Of course, that isn’t saying a lot.
Utah has never finished in the top half of the conference in total offense. In fact, they’ve averaged a 10th place finish and have ended at either 11th or 12th in five of their seven years since joining the PAC. That, obviously, is the worst in the conference over that span.
The good news is that Utah has been on the upswing. Its two best years in producing total offense have been the last two years. 2018 ought to see a continuation of that trend.
Eyes were opened a year ago when young QB Tyler Huntley unseated incumbent Troy Williams to take over the Troy Taylor- (former Jake Browning coach) led offense. Huntley is an average-sized QB who possesses plus mobility.
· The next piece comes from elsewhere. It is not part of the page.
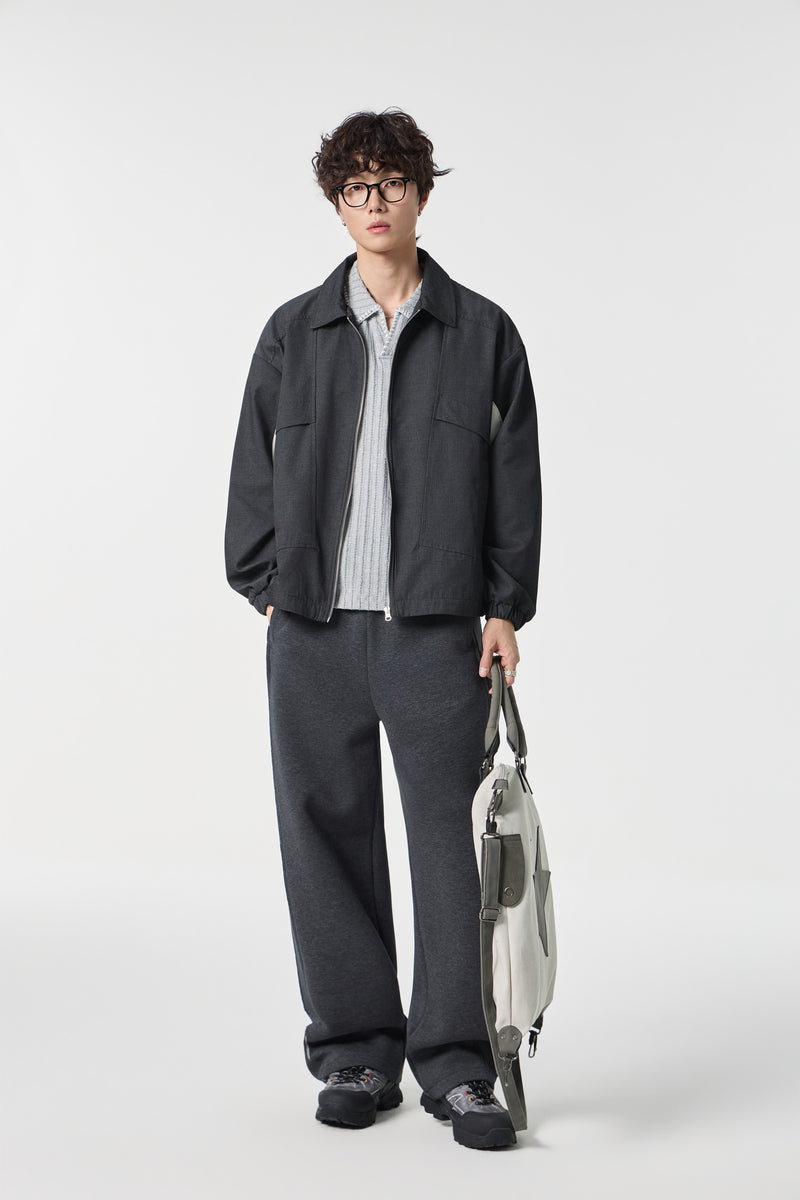 Black Modern Workwear Bomber Detail view | Weezy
His real strength, however, is his big arm—a must for an OC who loves to push the ball downfield in the passing game.
The results were mixed for Huntley. He never really generated the long passing plays Taylor was looking for, averaging 7.7 yards per pass. He threw ten interceptions despite missing a few games to injury. His maturation is the key to this Utah offense. He has the tools he needs: wheels, accuracy, and a big arm. He now needs to master his offense.
He will also need some support from the offensive line.
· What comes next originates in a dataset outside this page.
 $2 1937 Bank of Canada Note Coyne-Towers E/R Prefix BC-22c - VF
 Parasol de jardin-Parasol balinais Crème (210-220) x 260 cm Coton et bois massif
The Utah line was surprisingly poor in pass protection last season, this despite being a relatively veteran bunch. On review, however, I’m willing to put some of the pass pro problems on Huntley and his tendency to improvise behind the line of scrimmage. The truth is that Utah has some very good tools to work with on the O-line. C Lo Falemeka is one of the best (if not the best) centers in the conference, while their two projected starting tackles—6’7” senior LT Jackson Barton and 6’5” junior RT Darrin Paulo—are the best tackle duo this side of UW’s Trey Adams and Kaleb McGary. In total, Utah returns four of five starters, all of whom are juniors and seniors.
The playmaker situation is in flux, particularly among the receivers, but in truth this is a situation that can only improve. Utah ranked dead last in the PAC 12 in third down conversion last season (35% - five points lower than 11th place Oregon State!) and generated just 50 plays of 20 yards or more (USC nearly doubled that with 94). The losses of Darren Carrington and Raelon Singleton (transfer to Houston) off last year’s roster, hurt to be sure. But Utah gets back dynamo slot receiver Britain Covey (remember him?) who had a brilliant freshman season in 2015 before going on a two-year mission trip. Utah will count on him to add some big plays into their repertoire.
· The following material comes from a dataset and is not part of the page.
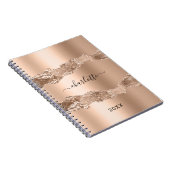 Carnet Rose or agate marbre nom script (Côté Droit)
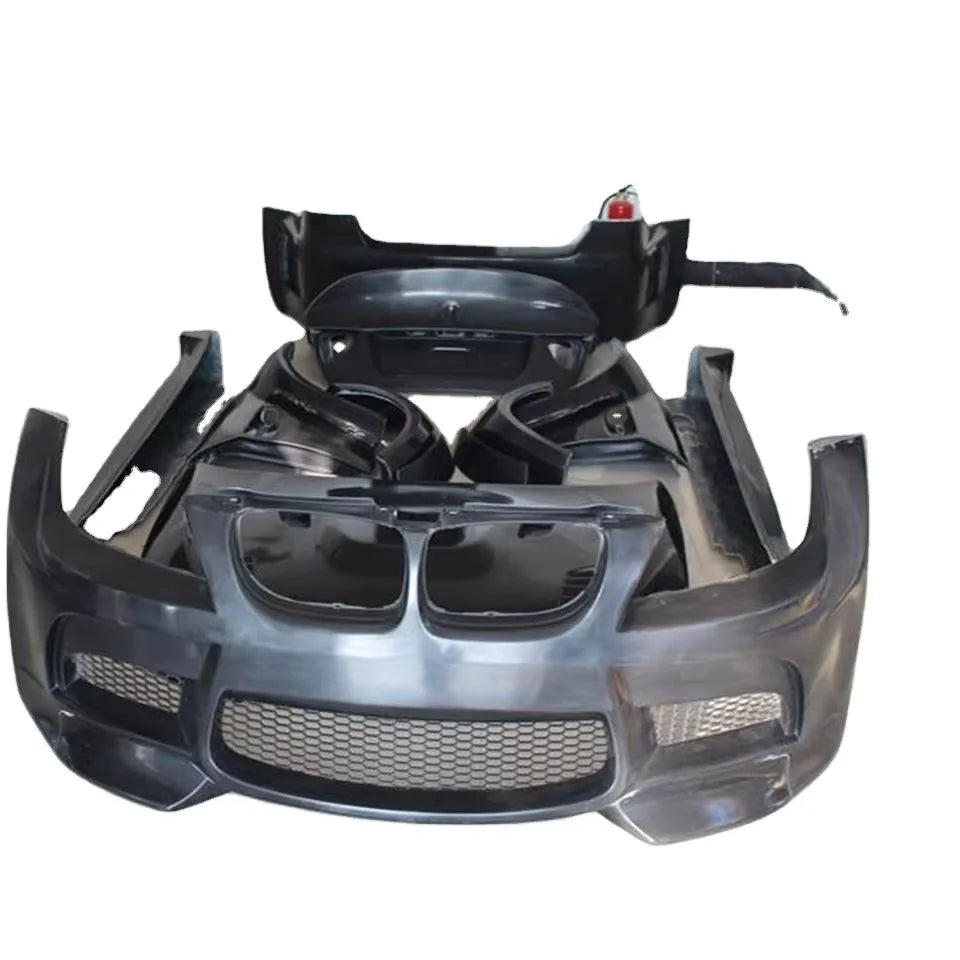 New for 3 Series E90 Conversion White Wide Body Kit Glass Fiber Front/Rear Bumpers Side Skirts Rear Lip Fenders 100%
Utah has been playing a lot of guys the past two years. They all seem to be arriving this year. While there are a number of players who could break out among the receiver ranks, I’ll be keeping my eye on a couple. Bronson Boyd is a Texas Tech transfer who sat out a year ago. He had a huge spring and is one of those young guys that might be starting by season’s end. I’m also keen on seeing what happens with the trio of Demari Simpkins, Samson Nacua (6’3”), and Siaosi Mariner (6’2”). All of these players were productive in rotational roles last year but will be leaned on more heavily now in an offensive scheme that highly emphasizes the involvement of many receivers. If you are looking for a potential high-impact freshman, keep a lookout for 6’4” Solomon Enis—the highest-ranked receiver that Utah has ever signed.
One thing that might be difficult for Utah to deal with is their tight end situation. Utah lost both starters a year ago and will be leaning on a sophomore and two true freshman to help cover the position in 2018. Troy Taylor isn’t known for a lot of TE incorporation into the passing game, but they are huge contributors in the blocking scheme. This will be a situation to watch (speaking of which, check out the story on incoming tight end recruit Thomas Yassmin, an Australian rugby player who has never played football).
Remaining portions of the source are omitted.